You are relaunching the Bumble app in the second quarter of this year. I read that you are reconsidering having women make the first move, which seems like a big shift.

Our brand awareness is so high, it’s amazing. And if you ask anybody about Bumble, they’ll say it’s about women, and the core of that is not changing. We are a company that really cares about women’s empowerment.

But as we approach our 10-year anniversary, it’s a great moment to think about how we best serve our mission. For us, it’s really about how we express women’s empowerment today and for the next 10 years. What we really want is to go from women making the first move to women deciding [who should make the first move]. We’re giving women more control and flexibility based on what works for them.

Do you think that by inviting women to make the first move, Bumble had an impact on who uses the platform? Friends have told me the men they’ve met on the platform tend to be more passive, sometimes to their consternation.

Historically, what we’ve seen is that a lot of the men who come to Bumble believe in women being empowered. I’ve heard that feedback about passive [men] a few times, but not as much. Certainly, our ultimate goal is to ensure that our customers have a great experience.

Other areas of focus for you are security and AI. What can Bumble’s users expect to see with this relaunch?

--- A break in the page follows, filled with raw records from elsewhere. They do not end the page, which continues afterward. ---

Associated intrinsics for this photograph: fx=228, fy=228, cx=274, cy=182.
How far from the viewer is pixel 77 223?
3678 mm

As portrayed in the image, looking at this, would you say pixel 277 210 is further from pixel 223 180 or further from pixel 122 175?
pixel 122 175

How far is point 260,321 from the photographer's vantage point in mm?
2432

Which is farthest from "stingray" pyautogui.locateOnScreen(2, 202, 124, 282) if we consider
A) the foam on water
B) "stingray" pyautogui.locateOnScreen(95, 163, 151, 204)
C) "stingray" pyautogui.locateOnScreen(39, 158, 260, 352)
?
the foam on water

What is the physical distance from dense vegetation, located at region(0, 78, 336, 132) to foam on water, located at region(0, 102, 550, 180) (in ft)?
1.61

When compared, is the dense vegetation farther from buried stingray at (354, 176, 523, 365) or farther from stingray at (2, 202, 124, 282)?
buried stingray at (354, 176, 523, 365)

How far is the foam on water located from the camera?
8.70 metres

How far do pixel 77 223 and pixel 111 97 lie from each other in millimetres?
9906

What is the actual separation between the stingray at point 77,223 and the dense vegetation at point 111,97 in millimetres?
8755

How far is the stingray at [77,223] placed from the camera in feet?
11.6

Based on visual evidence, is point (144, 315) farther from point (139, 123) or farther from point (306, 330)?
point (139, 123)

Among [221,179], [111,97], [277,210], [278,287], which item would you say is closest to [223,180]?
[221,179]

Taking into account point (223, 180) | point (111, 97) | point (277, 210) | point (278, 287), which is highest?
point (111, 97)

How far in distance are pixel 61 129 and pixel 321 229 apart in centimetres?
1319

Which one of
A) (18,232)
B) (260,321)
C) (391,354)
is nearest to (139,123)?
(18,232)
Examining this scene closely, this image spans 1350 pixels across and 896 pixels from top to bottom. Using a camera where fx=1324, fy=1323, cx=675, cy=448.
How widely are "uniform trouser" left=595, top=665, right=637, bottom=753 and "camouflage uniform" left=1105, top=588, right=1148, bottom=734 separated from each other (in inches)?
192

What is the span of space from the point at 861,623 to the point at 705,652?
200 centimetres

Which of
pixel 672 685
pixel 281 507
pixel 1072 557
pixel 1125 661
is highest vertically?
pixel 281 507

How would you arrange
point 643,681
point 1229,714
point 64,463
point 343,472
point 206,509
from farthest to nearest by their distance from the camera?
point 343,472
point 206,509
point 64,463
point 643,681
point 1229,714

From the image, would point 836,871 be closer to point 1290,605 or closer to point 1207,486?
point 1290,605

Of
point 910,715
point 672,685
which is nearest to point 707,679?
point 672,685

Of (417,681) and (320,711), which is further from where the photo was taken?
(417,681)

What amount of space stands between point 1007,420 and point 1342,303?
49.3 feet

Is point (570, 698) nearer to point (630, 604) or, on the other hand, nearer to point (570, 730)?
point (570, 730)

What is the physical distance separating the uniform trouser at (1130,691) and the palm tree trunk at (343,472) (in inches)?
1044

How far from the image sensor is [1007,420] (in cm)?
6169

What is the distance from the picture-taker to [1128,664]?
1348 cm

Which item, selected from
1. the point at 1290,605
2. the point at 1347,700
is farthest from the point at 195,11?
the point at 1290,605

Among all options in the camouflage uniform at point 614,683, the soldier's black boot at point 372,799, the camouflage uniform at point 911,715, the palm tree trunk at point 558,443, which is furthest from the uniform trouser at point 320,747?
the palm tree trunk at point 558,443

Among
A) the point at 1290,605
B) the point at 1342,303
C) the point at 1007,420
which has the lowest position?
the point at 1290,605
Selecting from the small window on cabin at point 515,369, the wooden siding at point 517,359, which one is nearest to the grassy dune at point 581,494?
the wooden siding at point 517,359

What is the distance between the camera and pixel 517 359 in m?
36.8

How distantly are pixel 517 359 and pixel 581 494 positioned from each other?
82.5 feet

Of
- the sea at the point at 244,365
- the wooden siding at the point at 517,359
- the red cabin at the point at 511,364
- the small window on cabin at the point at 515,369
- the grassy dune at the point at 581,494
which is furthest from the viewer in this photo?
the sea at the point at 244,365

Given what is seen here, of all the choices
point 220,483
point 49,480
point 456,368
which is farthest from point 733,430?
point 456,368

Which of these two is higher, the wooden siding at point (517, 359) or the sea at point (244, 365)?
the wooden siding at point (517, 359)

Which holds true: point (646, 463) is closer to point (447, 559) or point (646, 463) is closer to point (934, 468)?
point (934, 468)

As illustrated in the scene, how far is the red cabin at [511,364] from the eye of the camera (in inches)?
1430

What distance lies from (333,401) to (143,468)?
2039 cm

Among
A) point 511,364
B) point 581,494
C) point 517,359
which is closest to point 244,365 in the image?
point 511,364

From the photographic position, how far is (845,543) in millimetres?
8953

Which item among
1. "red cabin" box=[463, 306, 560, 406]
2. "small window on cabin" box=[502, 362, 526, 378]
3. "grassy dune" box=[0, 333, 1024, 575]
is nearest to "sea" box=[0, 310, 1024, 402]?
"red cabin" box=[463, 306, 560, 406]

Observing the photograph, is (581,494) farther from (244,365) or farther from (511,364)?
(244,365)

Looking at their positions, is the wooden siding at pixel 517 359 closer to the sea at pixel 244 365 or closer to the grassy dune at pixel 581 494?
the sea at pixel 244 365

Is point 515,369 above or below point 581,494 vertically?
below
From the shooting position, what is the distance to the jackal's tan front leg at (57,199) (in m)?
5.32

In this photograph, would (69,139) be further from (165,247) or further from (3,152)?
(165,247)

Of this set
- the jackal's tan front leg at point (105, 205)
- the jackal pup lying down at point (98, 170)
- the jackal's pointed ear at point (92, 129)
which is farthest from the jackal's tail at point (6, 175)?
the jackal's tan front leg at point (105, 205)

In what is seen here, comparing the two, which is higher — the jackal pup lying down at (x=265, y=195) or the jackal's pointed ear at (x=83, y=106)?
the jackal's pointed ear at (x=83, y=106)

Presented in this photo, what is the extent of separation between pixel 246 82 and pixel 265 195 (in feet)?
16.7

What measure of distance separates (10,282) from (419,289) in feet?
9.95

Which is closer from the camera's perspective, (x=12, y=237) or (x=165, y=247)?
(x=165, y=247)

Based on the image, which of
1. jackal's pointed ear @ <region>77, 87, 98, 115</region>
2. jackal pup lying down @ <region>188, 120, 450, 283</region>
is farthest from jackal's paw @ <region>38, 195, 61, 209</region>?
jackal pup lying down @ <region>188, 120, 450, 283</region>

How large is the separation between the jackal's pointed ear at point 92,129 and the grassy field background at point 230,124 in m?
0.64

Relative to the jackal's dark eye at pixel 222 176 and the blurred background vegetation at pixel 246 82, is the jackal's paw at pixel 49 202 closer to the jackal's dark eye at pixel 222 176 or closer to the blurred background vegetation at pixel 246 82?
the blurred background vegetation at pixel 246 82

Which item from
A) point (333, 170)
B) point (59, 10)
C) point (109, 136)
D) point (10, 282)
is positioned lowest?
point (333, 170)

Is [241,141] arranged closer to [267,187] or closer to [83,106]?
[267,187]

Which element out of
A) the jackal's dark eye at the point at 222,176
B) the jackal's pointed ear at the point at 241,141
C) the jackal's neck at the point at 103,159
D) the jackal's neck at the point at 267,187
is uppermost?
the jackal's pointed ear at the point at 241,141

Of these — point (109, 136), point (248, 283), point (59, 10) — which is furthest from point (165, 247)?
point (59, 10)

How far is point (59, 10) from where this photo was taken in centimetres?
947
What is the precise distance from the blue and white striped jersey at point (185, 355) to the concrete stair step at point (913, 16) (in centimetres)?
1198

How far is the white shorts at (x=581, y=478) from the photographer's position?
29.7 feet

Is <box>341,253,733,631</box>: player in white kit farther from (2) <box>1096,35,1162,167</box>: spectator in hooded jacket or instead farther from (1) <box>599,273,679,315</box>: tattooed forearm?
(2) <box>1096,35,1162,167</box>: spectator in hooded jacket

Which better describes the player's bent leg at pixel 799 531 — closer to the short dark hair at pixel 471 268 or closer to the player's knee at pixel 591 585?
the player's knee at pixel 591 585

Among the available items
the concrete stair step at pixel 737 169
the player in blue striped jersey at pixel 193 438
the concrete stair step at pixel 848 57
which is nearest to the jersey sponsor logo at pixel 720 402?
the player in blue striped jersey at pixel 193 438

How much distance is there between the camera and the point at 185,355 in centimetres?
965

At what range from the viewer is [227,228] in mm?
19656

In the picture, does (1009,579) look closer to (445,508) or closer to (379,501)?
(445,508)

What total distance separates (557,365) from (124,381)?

If you think about the advancement of this incredible technology in the context of dating, it’s only as good and as safe as a company’s data and safety practices. Our customers’ privacy and their trust has always been incredibly strong; we’ve always had a high bar for healthy connections.

Over the last 10 years, we’ve developed a lot of AI and technology that safeguards behavior in the app, and we can tune the models to reflect our values and safety guidelines. But we want to take it even further. A huge part of Bumble’s DNA is advocating for policies that will ensure women feel safe, and we want to be at the forefront of not only driving great technology development, but also policy advocacy for safety online.

Bumble has long run physical verifications of its users to ensure user profiles aren’t bots or scams, but it does not conduct criminal background checks. Is that changing with the help of AI? 

Background checks are one that we are exploring. It’s one that we certainly will partner with different [players]. But it is a priority for me. I think it’s an important next step for us.

What else should people know about the coming update?

It is the beginning of a new pace of innovation for Bumble. It’s the start of a new set of experiences. We are updating the profile experience; we’re updating the visual language of the app; we want to feel more connected to our users, and for the tone of voice to be fun and joyful. We’re looking at AI to help augment some of the inflection points in people’s lives that are particularly anxiety provoking, like the profile creation, which can be really challenging. We really want dating to be fun again — that’s the key of it.

User fatigue is a lot to combat. Is there a new user acquisition strategy to accompany the new app?

Bumble has always been great at community-based marketing: hosting events and finding ambassadors who really want to represent the brand. That got a little disrupted during the pandemic; we’re using this moment ahead of our launch to reignite a lot of community-based events, because there are a lot of people who are excited to reconnect in person, and that’s the starting point.

Bumble has always been about more than dating, too. Dating is a huge part of it, but we’ve always believed that there is a need for connection and friendships. So we’re expanding our investments in our friendship capability, because we believe that a lot of people want to just start by hanging out with other people. From a friendship perspective, when it comes to local and safe in-person events, there are tons of opportunities there and unmet need.

Bumble for Friends launched last year. Would we ever see you spin this out as a standalone entity?

We’re still gathering customer feedback. I’ve heard passionate cases for both. We’re still exploring that one.